Verizon's (and ATT's for that matter) 5G network is behind TMO capacity wise due to spectrum availability.At home I'm in the next tier down on their map being regular 5G nationwide service. I ran the verizon wireless speed test at home and was getting 10 mbps down and 10 up, at work this morning I'm showing 5 mbps down and 3 up w/a 359ms latency sitting next to a window w/4 bars of service in a 5G Ultra Wideband location.
Verizon and ATT initially turned on a spectrum sharing feature that shared existing LTE spectrum with NR (5G) dynamically in order to claim a 5G network rollout. In the last six weeks, VZW and ATT have been able to start activating their C-band spectrum. The C-band spectrum is old satellite spectrum that is around 3.8-4.2 GHz with wide contiguous bandwidth available to the carriers. (As a side note, this proximity to the radar altimeter band at 4.2-4.4 GHz is why the FCC and airlines were concerned about "5G" - specifically C-band 5G)
Expect both VZW and ATT to start having dramatic improvements in overall 5G performance soon, if not already in some areas. Backhaul will also need to be upgraded so even in "ultra" areas things might take a bit longer to really speed up.

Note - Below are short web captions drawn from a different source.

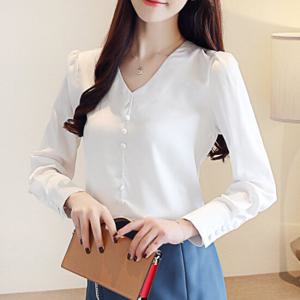 샵앤) 여성 브이넥 단추 긴팔 블라우스 WDM-WBL-KPP8086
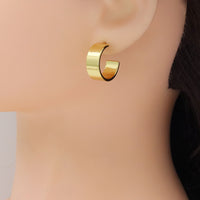 Plain gold Huggie Earrings, Sku#LD570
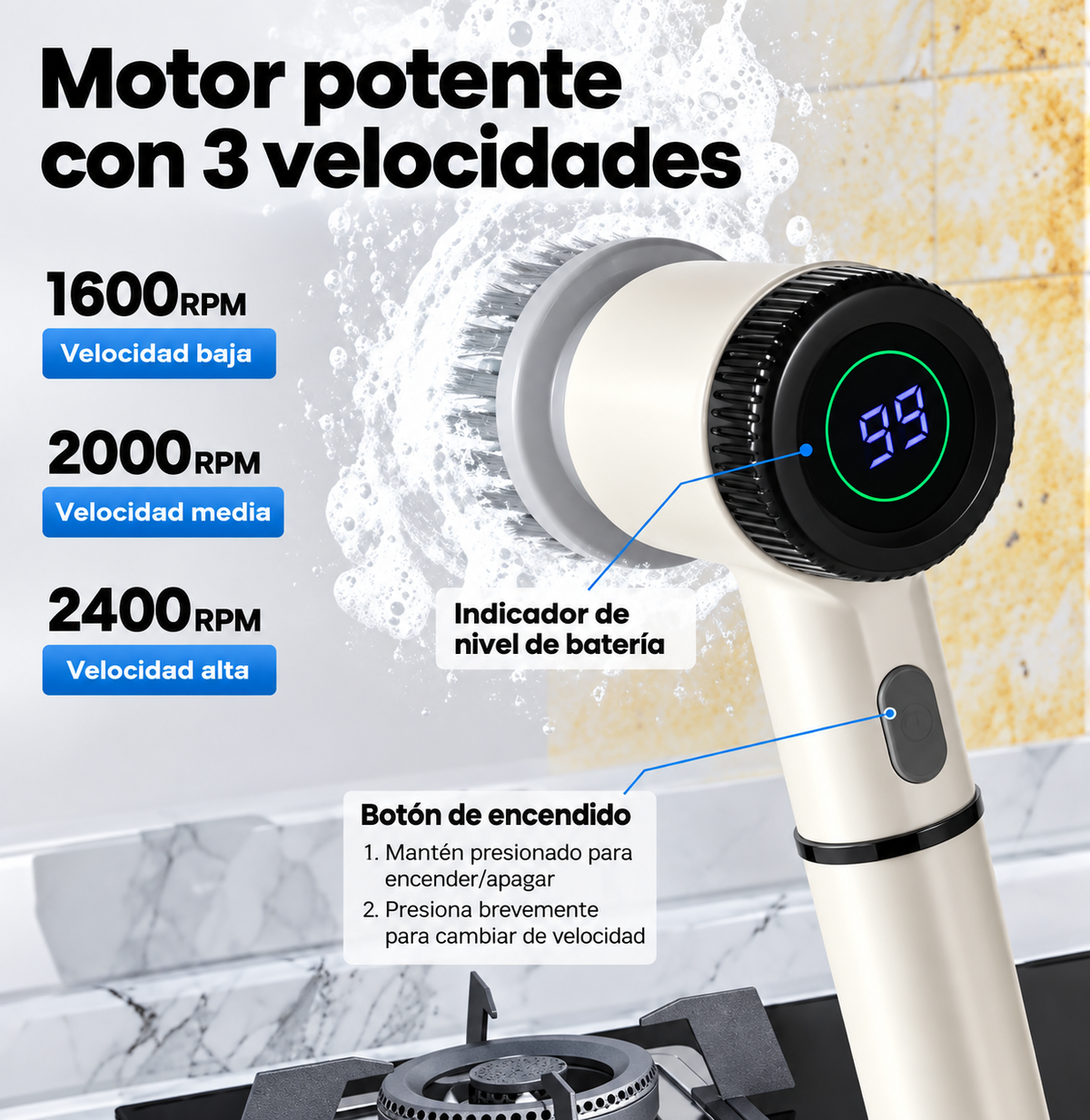 Cepillo eléctrico 5 en 1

TMO's acquisition of Sprint put them about eighteen months ahead of VZW and ATT as Sprint came along with a wide swath of bandwidth at 2.5 GHz (band 41). TMO also held back part of its 600 MHz spectrum purchase from a few years ago exclusively for 5G so they did not share spectrum with their LTE network. TMO quickly deployed hardware and lit those wide swaths of band 41 spectrum up as "5G Ultra-Capacity." I've personally tested it at 500 Mbps+ in dense areas (Pittsburgh, Boca Raton)on my iPhone and would expect VZW and ATT to be able to match that performance by the end of the year in many places.